Growing sweet corn in the backyard garden is an excellent way to enjoy fresh corn at the end of the growing season. Yet, not providing your corn crop with proper nutrients results in a poor yield. Learn how and when to fertilize sweet corn and what your corn plants need to thrive and produce sweet cobs of corn.
Sowing sweet corn seed is the easiest part of growing corn, but there is more to planting corn than burying the seed in the ground and giving it the occasional drink of water. Corn seed requires the right soil temperature to germinate, and a corn plant needs full sun, loamy, fertile, and well-draining soil to grow.
Fortunately, there are ways to provide your corn patch with everything it wants, even if you have sandy soil.
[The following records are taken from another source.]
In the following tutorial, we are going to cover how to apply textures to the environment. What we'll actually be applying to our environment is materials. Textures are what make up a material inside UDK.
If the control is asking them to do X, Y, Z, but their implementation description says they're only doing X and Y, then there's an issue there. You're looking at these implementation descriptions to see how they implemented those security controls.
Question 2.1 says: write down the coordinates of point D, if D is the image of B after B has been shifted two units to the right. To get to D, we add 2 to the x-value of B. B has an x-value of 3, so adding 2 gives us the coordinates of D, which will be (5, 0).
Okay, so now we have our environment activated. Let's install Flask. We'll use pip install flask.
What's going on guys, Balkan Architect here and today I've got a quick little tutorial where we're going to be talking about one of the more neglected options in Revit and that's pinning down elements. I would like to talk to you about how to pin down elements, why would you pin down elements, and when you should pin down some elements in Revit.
Corn needs to be planted when the soil is balanced with minerals. The first step is to perform a soil test and the results help you determine what your garden lacks, making the job of enriching the soil easier.
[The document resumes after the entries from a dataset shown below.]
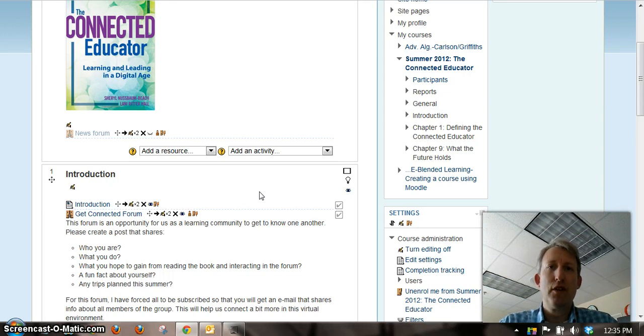Really looking forward to learning with you this summer and hope you enjoy the class. We'll see you online.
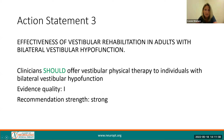While the first two action statements address a unilateral peripheral vestibular hypofunction, Action Statement 3 addresses adults with a bilateral peripheral vestibular hypofunction. This recommendation comes with high quality of evidence and a strong recommendation.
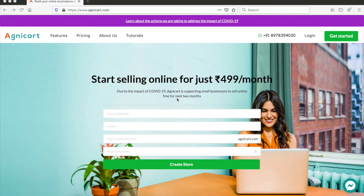Hi friends, welcome to AgniCard. Today in this tutorial I'm going to show you how to set up your own online e-commerce store using the AgniCard platform. It's so easy that you can get started in less than five minutes and start setting up your store. Alright, let's get started.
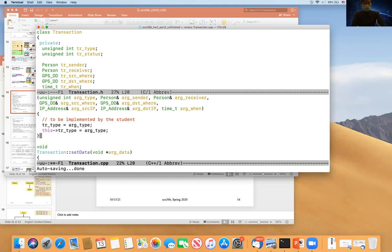There are eight variables in that constructor in transaction.cpp. So I expect you to have eight lines of initialization in the constructor body. Just initialize each one. For set_data, the answer is: this->tr_data = arg_data. That's just an example of how to use this.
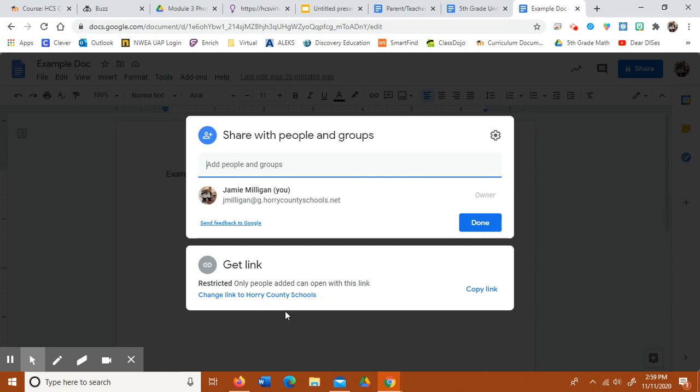So go down here where it says get link, and right now it says restricted. Only people added can open this link. So that means that only people up here can open it. So anybody else has to request access.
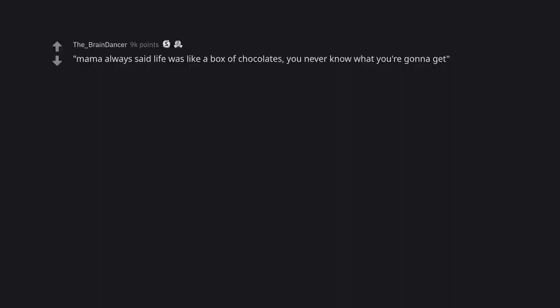Mama always said life was like a box of chocolates, you never know what you're gonna get. Mama says chocolate is the devil.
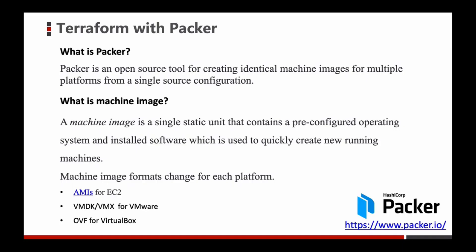In this section I want to talk about Packer. What is Packer? Packer is an open source tool for creating identical machine images for multiple platforms from a single source configuration.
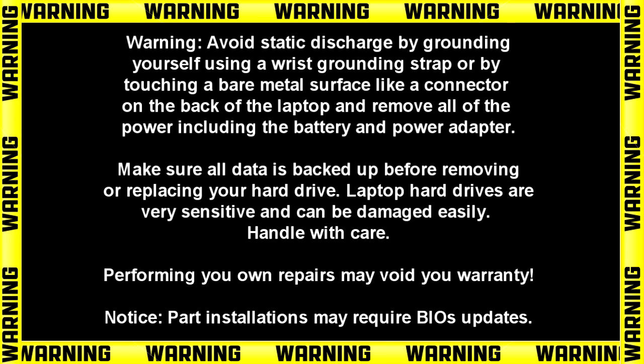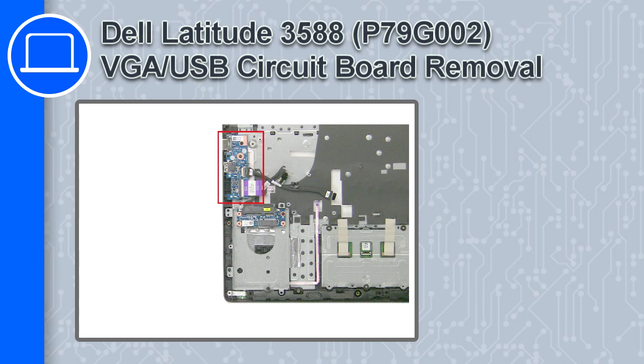How's it going? This is Ricardo and in this video I'll show you how to remove the VGA USB circuit board from a Dell Latitude 3588.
Fertilizing Sweet Corn Plants
It’s important to fertilize sweet corn before and during the growing process. The best fertilizer for sweet corn depends on your garden’s soil type. Some areas have clay soil, others are sandy, and then there are those that are rich and perfect for corn production.
Learn which nutrients corn plants need before and after planting your favorite sweet corn variety. Discover when and how to feed your plants and how to make a DIY fertilizer for the crop. Ensure you get a bountiful harvest of sweet and delicious ears of corn at harvest time.
Best Fertilizer for Sweet Corn
Fertilizers offer plants an array of nutrients and minerals, and their ratios vary. Find out how to pick the best fertilizer for sweet corn by understanding the type of nutrition this plant requires for development.
Sweet corn plants want plenty of nitrogen and phosphorus as they mature through the corn growing season. Additionally, they need magnesium, potassium, and other nutrients that most soil types contain. Nitrogen gives the plant energy for leaf growth, phosphorus helps it grow healthy roots, and potassium encourages a strong and fast-growing stem.
It’s vital to understand the nutrient ratio when using commercial fertilizer. The three main ingredients you see on fertilizer products are nitrogen, phosphorus, and potassium, or NPK. Each number represents the amount of each nutrient in the fertilizer – the higher the number, the more concentrated it is.
Plant your corn variety in well-drained soil with organic matter, a soil pH of 5.8 to 7.0, and the necessary minerals. They should flourish and grow tasty ears of corn for harvesting. Encourage beneficial insects for pollination, deter the corn borer, corn earworm, and other harmful pests, and perform crop rotation to prevent corn smut on the kernels.
Natural Fertilizer for Sweet Corn
Your local hardware store or garden center carries granular and chemical fertilizers, but these products are pricey and not always good for the environment. Explore the different types of natural fertilizer for sweet corn to help you choose the proper one for your home garden.
Alfalfa meal has four percent nitrogen. Cottonseed meal, soybean meal, and fish fertilizer have six percent or more. If your soil is low on nitrogen, consider using blood meal or feather meal since these two contain 12 to 14% of this necessary nutrient.
If your plants need a quick nitrogen boost, use blood meal or cottonseed meal instead of feather meal since the latter takes longer to break down in the soil.
When to Fertilize Sweet Corn
When is the best time to fertilize sweet corn? Unlike other plants that are happy with one application of plant food, sweet corn plants want fertilizer at several times during the year to ensure they produce a good yield.
Fertilize before you begin to plant corn to enrich the soil and give the seedlings the nutrition they require to mature. However, if your soil is acidic, consider adding lime to the garden in the fall before planting.
After seeding, when the corn plants are 12 inches tall, side-dress them with an organic fertilizer. Finally, fertilize them when they are eight to ten weeks old.
How to Fertilizer Sweet Corn
While you may be familiar with feeding houseplants, fertilizing sweet corn is different, whether you’re using a commercial or natural fertilizer. Fertilize corn before planting and after your corn plants are growing.
Before planting, spread three to four pounds of 10-10-10 fertilizer for every 100 square feet. Broadcast it evenly and work it into the top three inches of dirt. In about four weeks, begin side dressing by applying eight ounces of high nitrogen fertilizer to every row.
Apply bands of fertilizer approximately three inches from each side of the corn stalk to avoid burning the roots. Feed them a 16-16-8 fertilizer one more time after two months of growth.
Protect your plants from the European corn borer and other corn pests, and prepare to harvest corn at the end of the season. Avoid overfertilizing the corn, or spraying liquid fertilizer on the corn plant’s leaves, especially if it’s a high N fertilizer. Water the corn each time you feed them, and stop fertilizing when the ears begin to show silk.
Unlike field corn, the sweet corn variety is perfectly sweet, with the right amount of juiciness in every kernel. There are many sweet corn variety plants to grow, from standard sweet corn to supersweet corn. It’s vital to feed homegrown corn with nitrogen fertilizer when you plant sweet corn to ensure a healthy crop.